> Action item: A verbatim copy of the full data, with no pictures, is the expected answer.
※
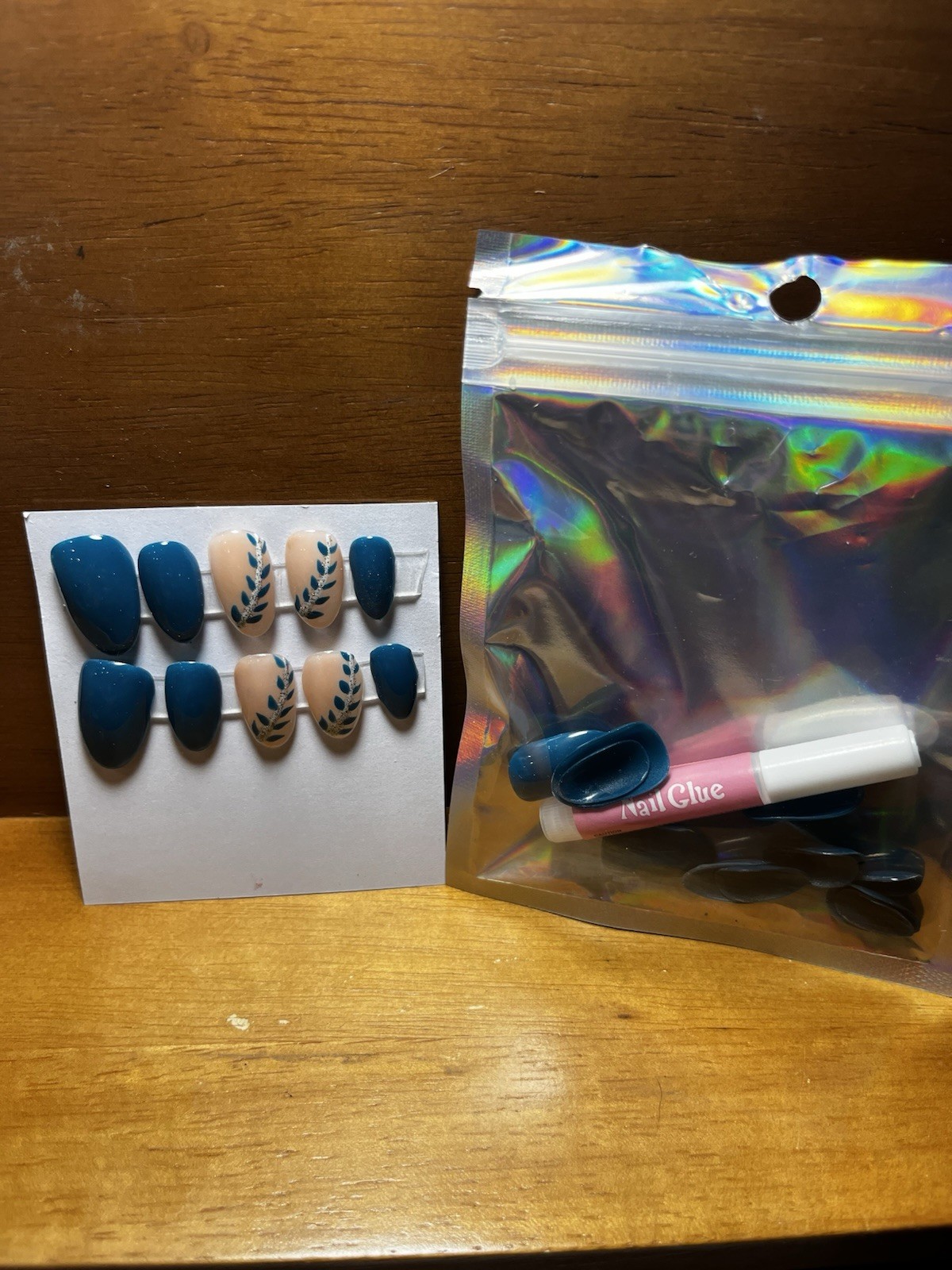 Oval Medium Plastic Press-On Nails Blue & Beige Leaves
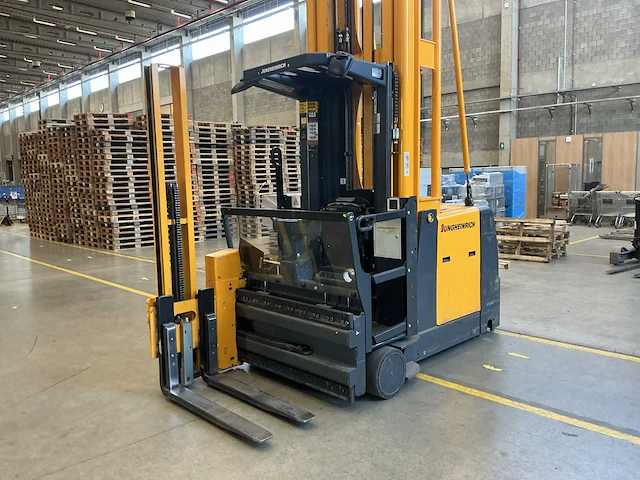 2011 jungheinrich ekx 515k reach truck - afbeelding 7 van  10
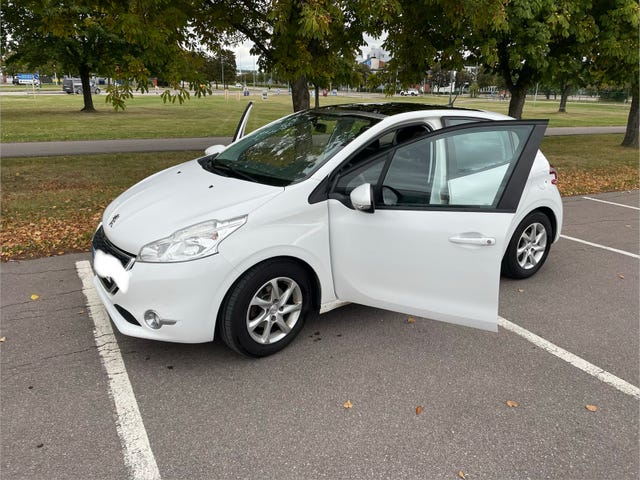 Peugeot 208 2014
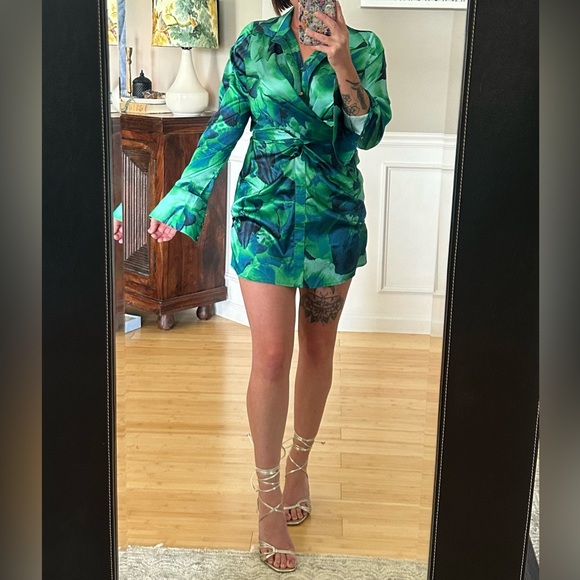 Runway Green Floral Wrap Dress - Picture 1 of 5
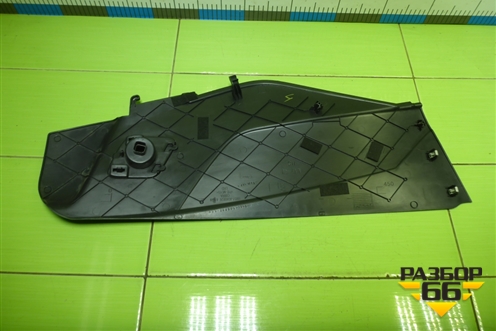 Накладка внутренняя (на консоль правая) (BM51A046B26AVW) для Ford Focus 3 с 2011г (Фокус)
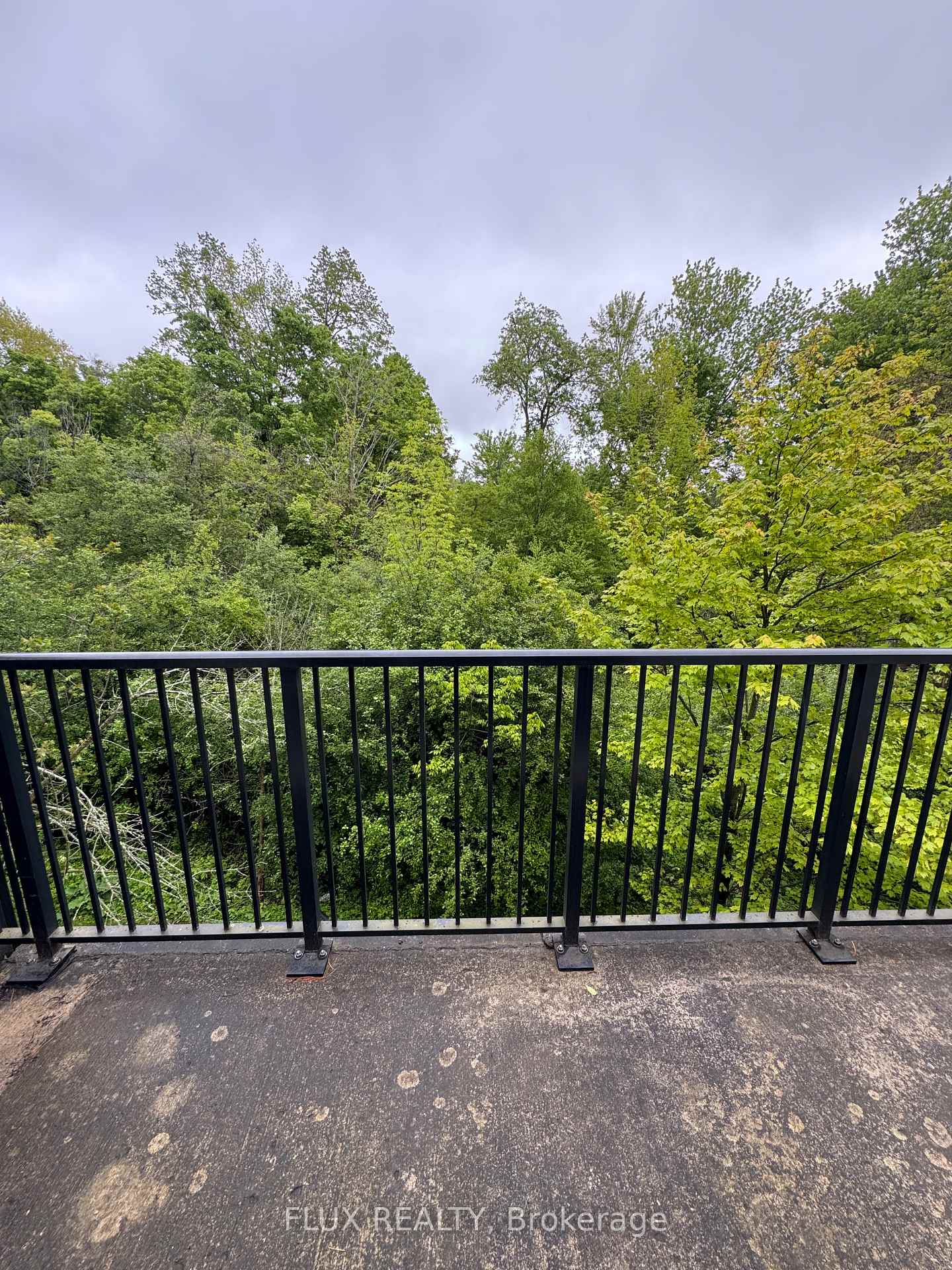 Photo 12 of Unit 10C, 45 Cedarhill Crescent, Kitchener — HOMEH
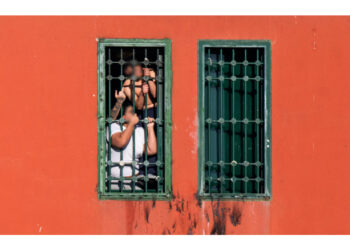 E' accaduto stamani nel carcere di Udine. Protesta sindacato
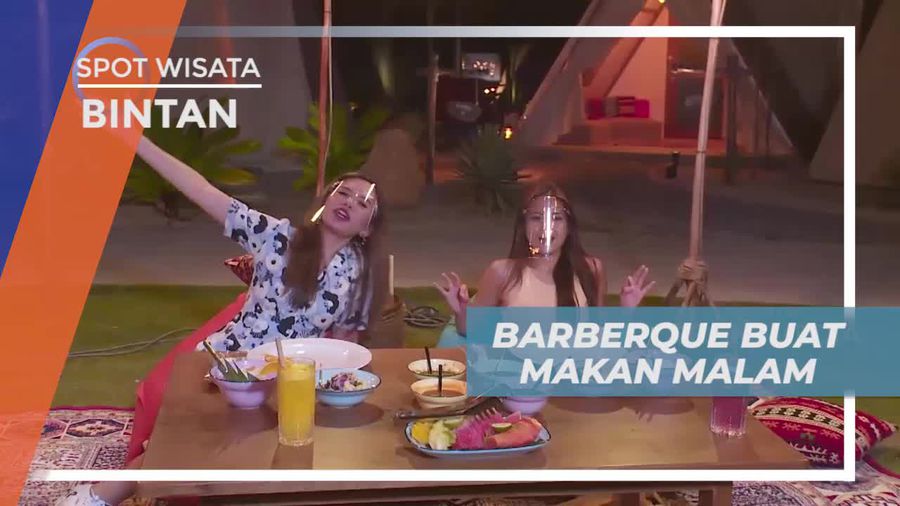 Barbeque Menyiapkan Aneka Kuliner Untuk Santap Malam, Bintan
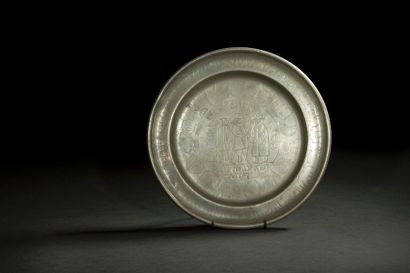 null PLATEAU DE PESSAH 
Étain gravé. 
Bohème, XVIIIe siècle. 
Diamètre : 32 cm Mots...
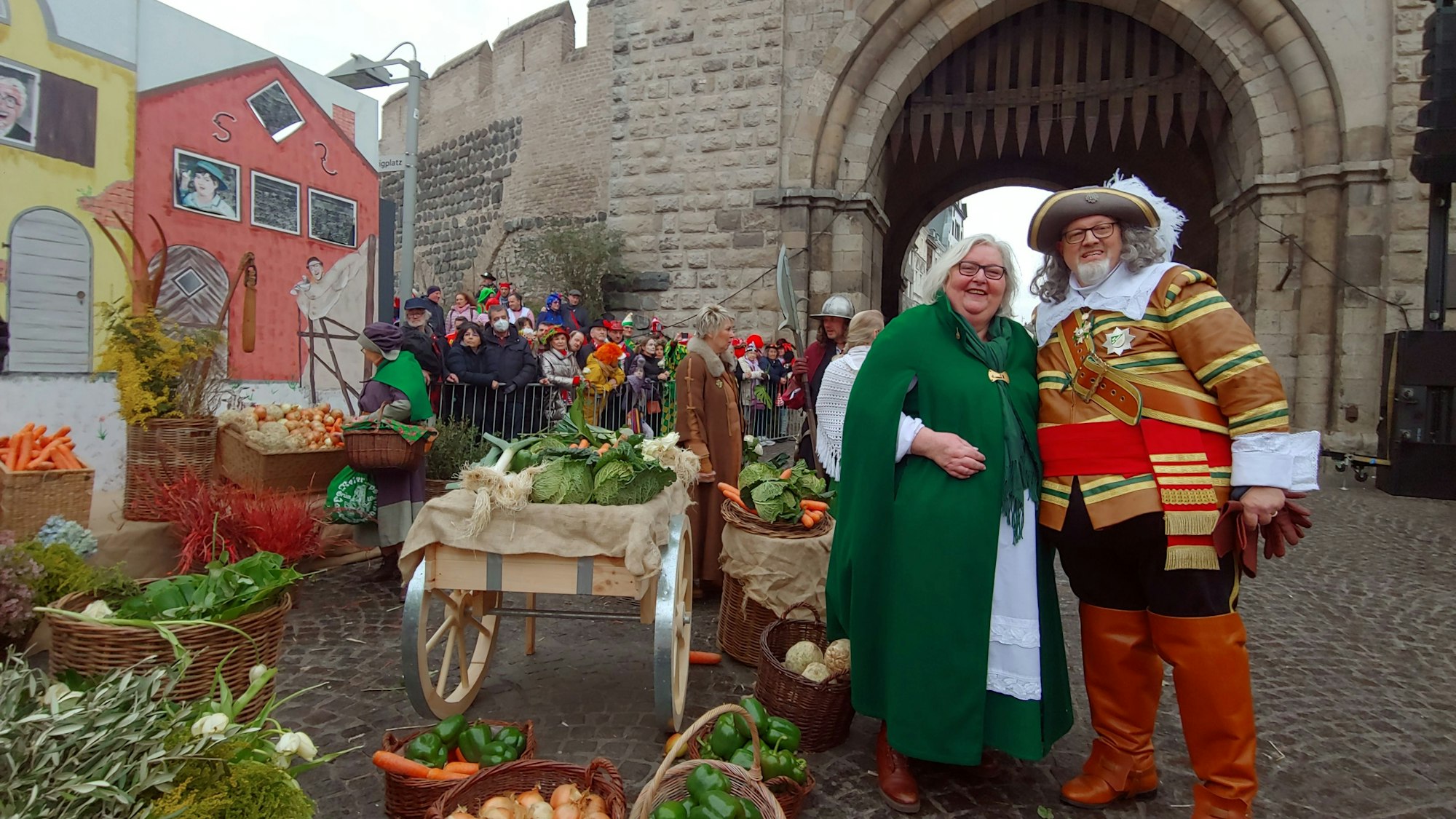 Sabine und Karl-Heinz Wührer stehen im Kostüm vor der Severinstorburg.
※
> Exercise output:
 Oval Medium Plastic Press-On Nails Blue & Beige Leaves
 2011 jungheinrich ekx 515k reach truck - afbeelding 7 van  10
 Peugeot 208 2014
 Runway Green Floral Wrap Dress - Picture 1 of 5
 Накладка внутренняя (на консоль правая) (BM51A046B26AVW) для Ford Focus 3 с 2011г (Фокус)
 Photo 12 of Unit 10C, 45 Cedarhill Crescent, Kitchener — HOMEH
 E' accaduto stamani nel carcere di Udine. Protesta sindacato
 Barbeque Menyiapkan Aneka Kuliner Untuk Santap Malam, Bintan
 null PLATEAU DE PESSAH 
Étain gravé. 
Bohème, XVIIIe siècle. 
Diamètre : 32 cm Mots...
 Sabine und Karl-Heinz Wührer stehen im Kostüm vor der Severinstorburg.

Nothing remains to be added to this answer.